Exercise description: Your answer must match, word for word, the lines from the one holding "Photo of Swan" through the final line below, with pictures excluded.

Records for this exercise:
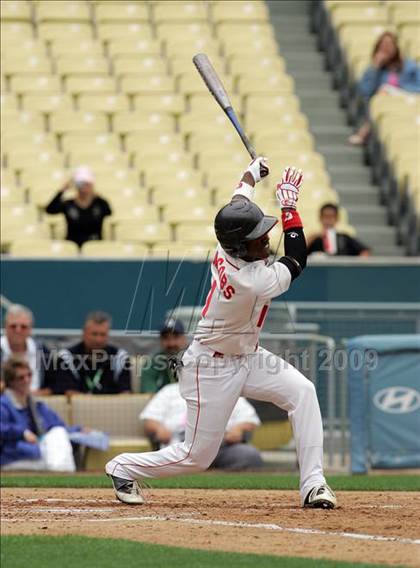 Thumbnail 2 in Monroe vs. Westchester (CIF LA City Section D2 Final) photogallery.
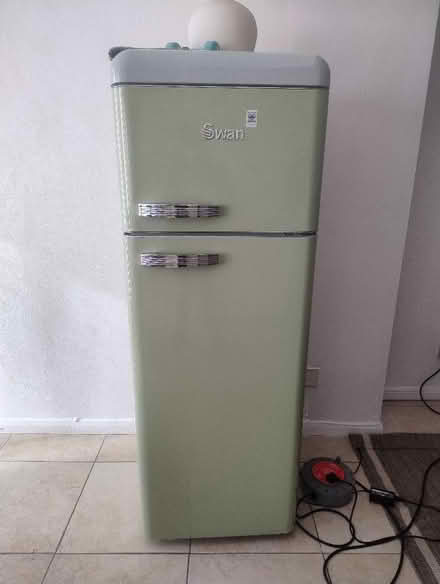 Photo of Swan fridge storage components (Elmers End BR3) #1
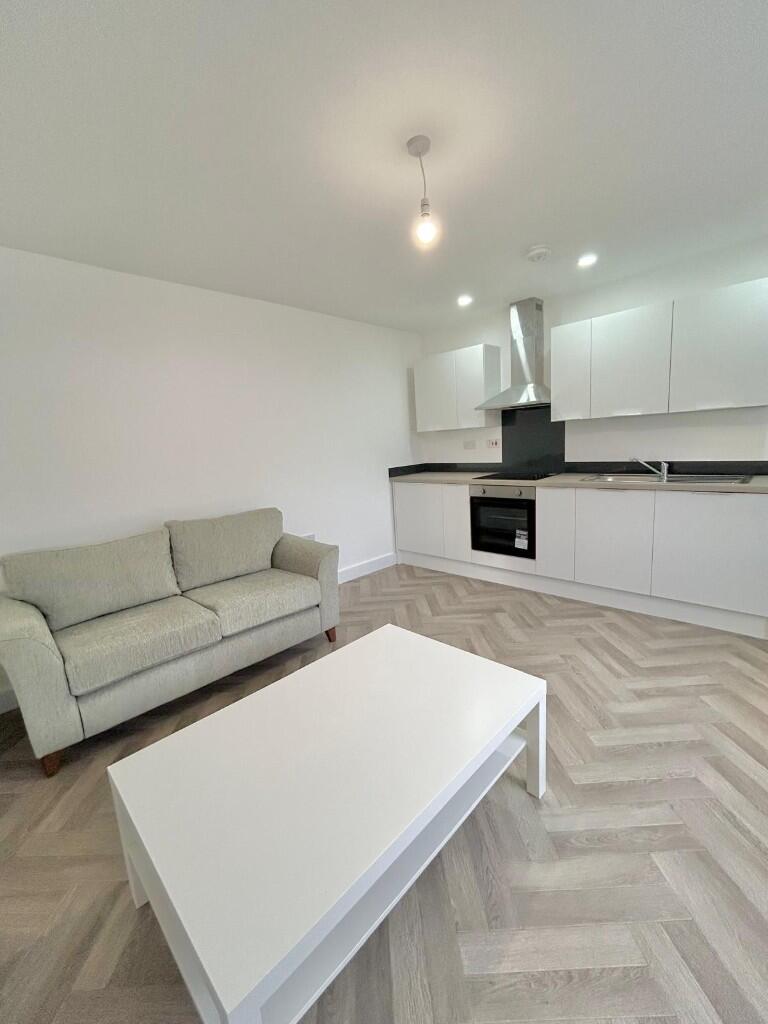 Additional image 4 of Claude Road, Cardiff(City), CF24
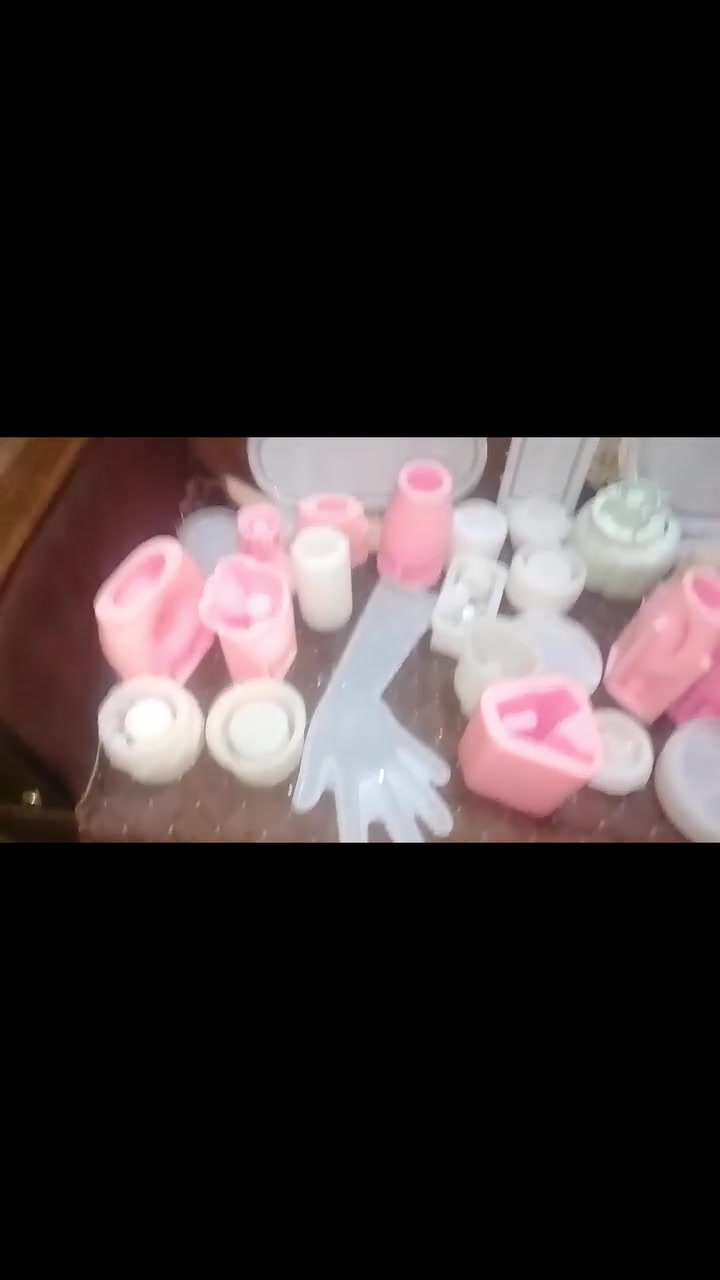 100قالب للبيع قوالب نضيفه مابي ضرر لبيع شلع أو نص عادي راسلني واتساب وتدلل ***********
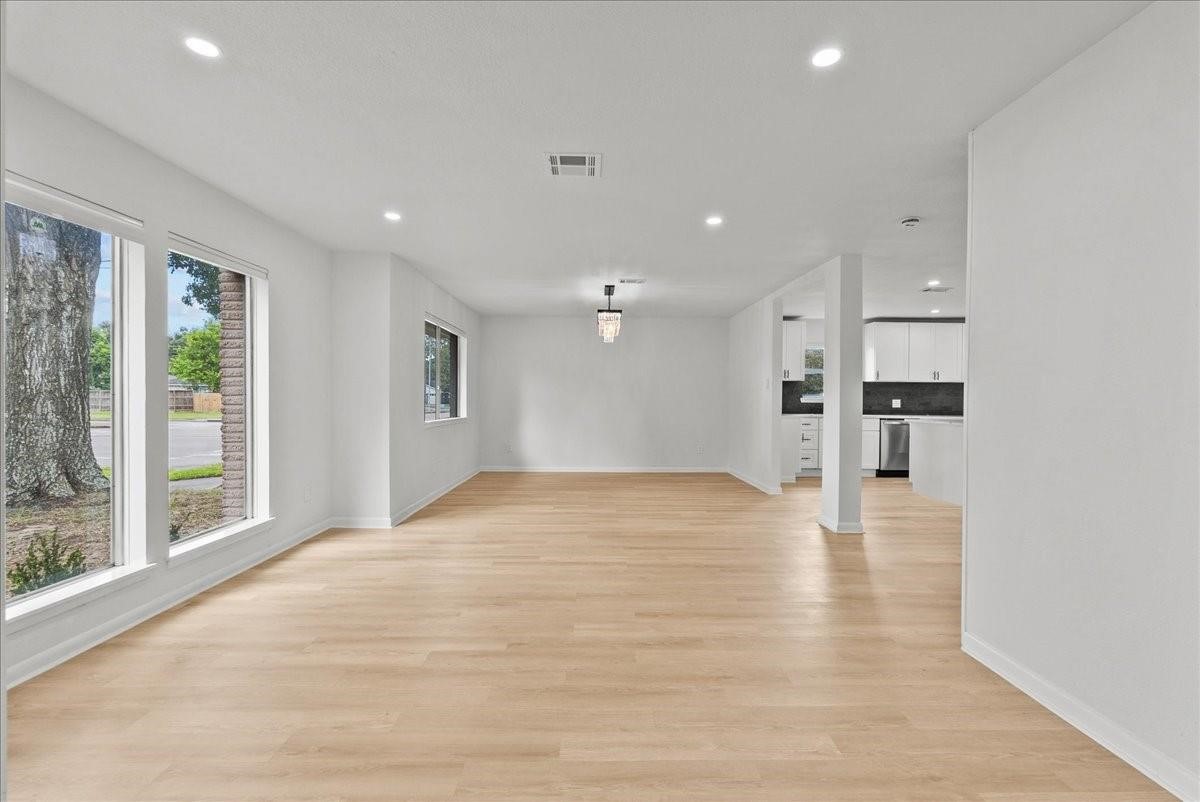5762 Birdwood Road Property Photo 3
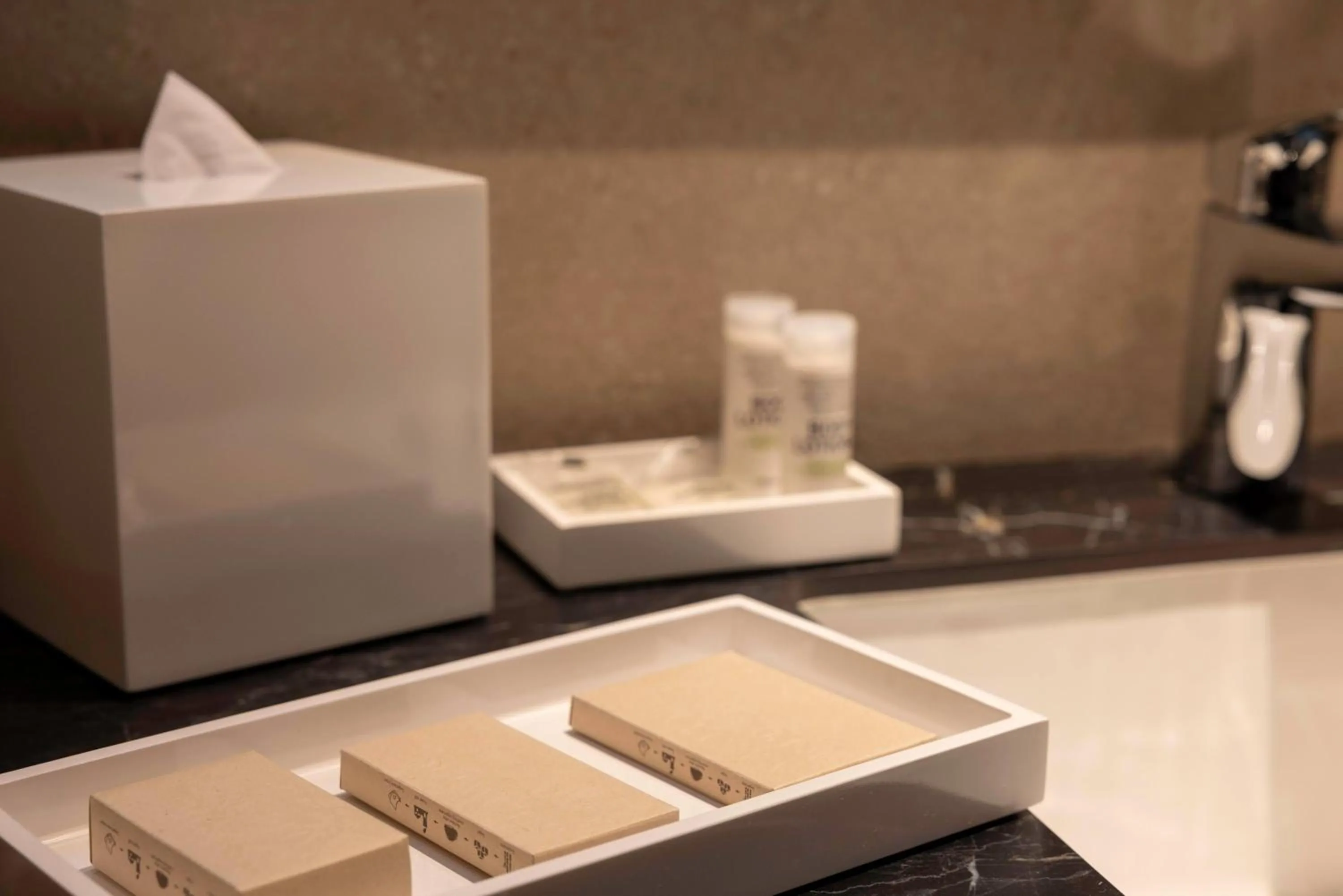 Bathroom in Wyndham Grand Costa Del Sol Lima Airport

Response area:
 Photo of Swan fridge storage components (Elmers End BR3) #1
 Additional image 4 of Claude Road, Cardiff(City), CF24
 100قالب للبيع قوالب نضيفه مابي ضرر لبيع شلع أو نص عادي راسلني واتساب وتدلل ***********
5762 Birdwood Road Property Photo 3
 Bathroom in Wyndham Grand Costa Del Sol Lima Airport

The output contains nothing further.